Стахович обжег меня злобным взглядом.
- Зачем я только с Вами связался! Лучше бы Вы меня прирезали там на дороге.
- Полагаете, что лучше? Не злитесь, Стахович. Если рассуждать серьезно, то Вы можете еще многое успеть в жизни. Хотя бы и в деле возрождения своей любимой Польши. И этим остаться в памяти потомков.
- Не Вам, русскому, говорить о Польше!
- Отчего же? Я желаю национального возрождения всем славянам. Что касается Речи Посполитой – это другое дело. Не будет никогда Польши «от можа до можа». Вы и сами знаете к чему привела Вашу Родину клика Пилсудского и Радз-Смиглы. Пилсудчики были рады стать вассалами Гитлера и обрушиться вместе с его армиями на СССР. Но немецкий фюрер решил иначе и это должно было стать уроком для всех поляков.
- Злорадствуете?
- Нисколько. Лишь ставлю все точки над «и». Пресмыкание перед Западом погубило нынешнюю Польшу и погубит будущую, если она пойдет тем же путем. Это так, к слову. Ладно, вернемся к нашим баранам. Вы все приготовили к встрече дорогих гостей?

- Все готово! Но Вы не ответили мне на вопрос о партизанах.
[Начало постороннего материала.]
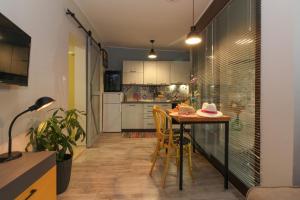 a kitchen with a table and chairs in a room at Studio Šumbora in Peroj +15 photos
- Странно, я полагал, что Вы все поняли. Объясняю для непонятливых. Как только партизаны нападут на имение, Вы увлекаете своего патрона в кабинет. Я следую за Вами и там мы убеждаем господина Гудинова расстаться с его сокровищами. Затем, пользуясь суматохой, мы исчезаем из усадьбы. Дальше – каждый идет своим путем. Я вероятнее всего пойду к партизанам. Вы для себя решайте сами.
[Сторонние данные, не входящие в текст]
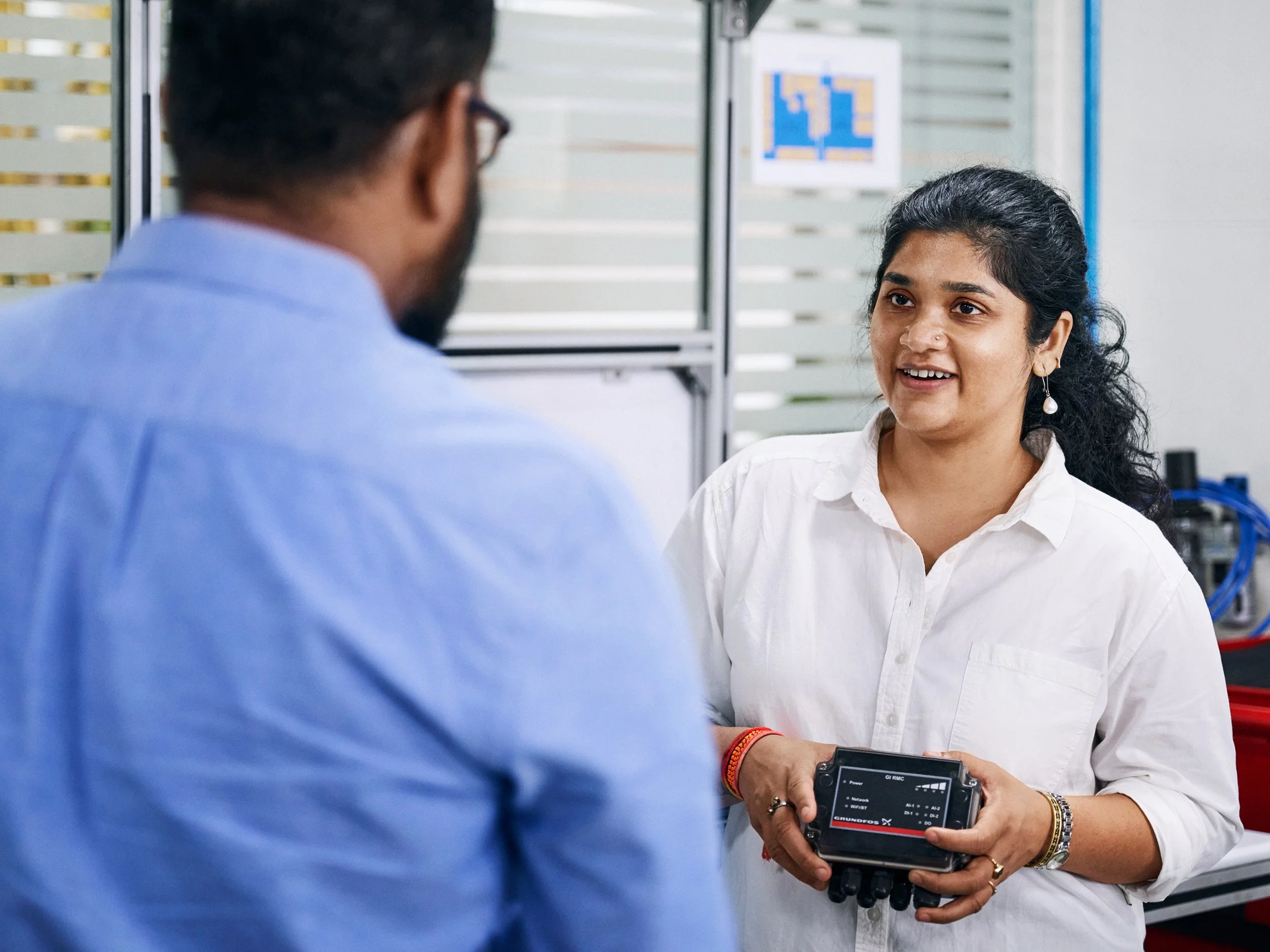 Engineer presenting digital control unit to colleague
- А если партизаны не нападут на усадьбу?
- Ждем пока все улягутся и заснут. Затем Вы разбудите князя и скажете, что из кабинета доносится какой-то шум. Дальше – по той же схеме. Понятно?
- А если Гудинов не захочет идти или вызовет охрану?
- Тут уж все зависит от Вас, любезный пан. В крайнем случае, проведем экспресс-допрос в прямо в спальне.
- Что за «экспресс-допрос»?
- Не важно. Это мое дело. Ваше – привести Гудинова. И не дрожите как гимназистка на первом свидании. Помните, что Ваш патрон раньше времени не должен ничего заподозрить! А теперь, пойдемте в дом. Мне нужно помыться и переодеться. Надеюсь, что пани Тышковская нашла для меня приличный костюм.

Стахович несколько успокоился, и мы отправились спать. Хотя о каком сне можно было говорить в ту ночь? Я в сотый раз прокручивал в голове все возможные варианты развития завтрашних событий. За стеной, в соседней комнате на кровати ворочался поляк. Уснул я лишь под самое утро и вскоре был разбужен шумом моторов. Гости прибыли.